Global nomads value freedom and mastery of their own lives. Their ideas draw from the everyday life and dreams of explorers, philosophers, and vagrants, some notable pioneers including Alexander the Great, Jean-Jacques Rousseau, and George Orwell.
This book shows how global nomads revive the ancient ideals of a simple and beautiful life. In the process, home, nationality, freedom, and travel get a new meaning that will permanently change the way in which we perceive the world.”
And with out doubt the most inspirational life-changing book I have ever read:
“Travel for Your Life will show you how to quit your job, travel the world, and transform your life. Plus it will provide you with essential tools for when traveling, from staying safe to making the most of your trip If you have ever wanted to travel the world, the time to do it is now. This book will show you how to overcome the obstacles that are preventing you from traveling; it also shows what you’ll gain once you make the necessary changes so that you can travel, and gives practical advice on everything from safety to attitude for once you’re on the road. Chantell Glenville is an experienced traveler who quit her job in 2014 to travel the world. The information Chantell shares in this book has been gleaned through her own experiences and those of others, through trial and error and chance discoveries she has made whilst globe-trotting. In this step-by-step guide you’ll find out how you can make the changes in your life that will free you to travel the world too. Learn:
- Why you should travel now.
- How to travel by overcoming the obstacles that stop you from traveling: lack of money, work commitments, age, lack of a travel companion.
- Guidance for the solo traveler and why going it alone can be better.
- How traveling will allow you to take control of your life and start enjoying it fully again.
- Top tips on how to stay safe.
- Practical advice on how to plan your travels, pack perfectly, find cheap flights, and choose where to stay.
- Essential knowledge to utilise once you’re on the road; how changing your attitude will make travel fun no matter what happens, how to haggle, and advice on what to do on your travels.

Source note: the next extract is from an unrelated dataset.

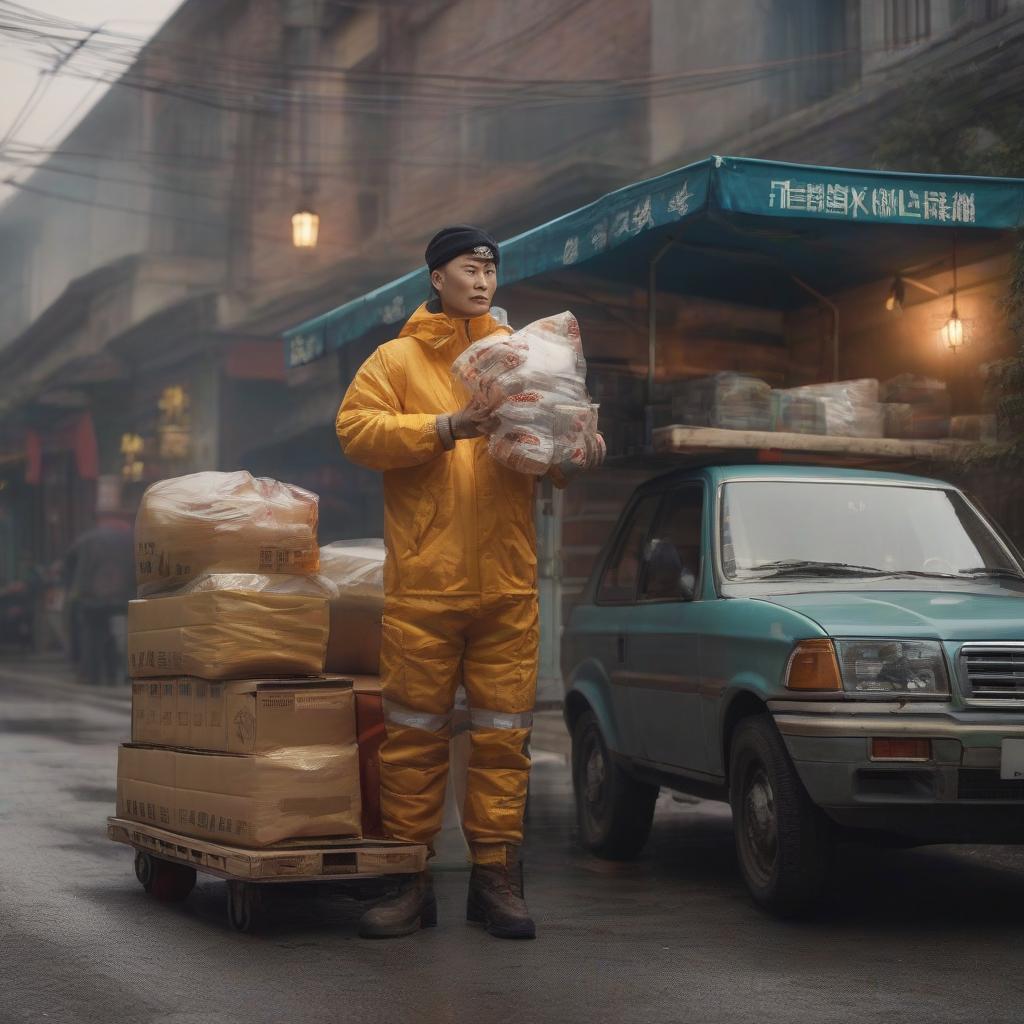  Delivery of goods from China. hyperrealistic, full body, detailed clothing, highly detailed, cinematic lighting, stunningly beautiful, intricate, sharp focus, f/1. 8, 85mm, (centered image composition), (professionally color graded), ((bright soft diffused light)), volumetric fog, trending on instagram, trending on tumblr, HDR 4K, 8K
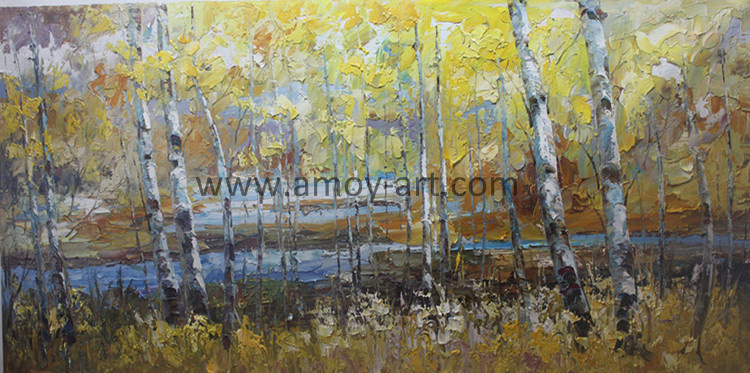 Handmade Canvas Art Painting Birch Trees with Heavy Textures for Home Decor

This book is not a travel guide that provides information on multiple destinations; it is instead on why and how to travel the world, even if you’re on a budget. If you’re looking for travel guides to destinations around the world visit www.TravelForYour Life.com where Chantell shares the routes she has taken around the many countries she has visited and the time frames/practicalities of those journeys.”
TRAVEL THE WORLD:
“You may think that’s easier said than done and there are a multitude of reasons not to do it. They’re just the things that you have to start working to overcome from this moment on. The time to make the firm decision that you ‘will’ travel and start getting your life in order so that you are able to go is ‘now’.”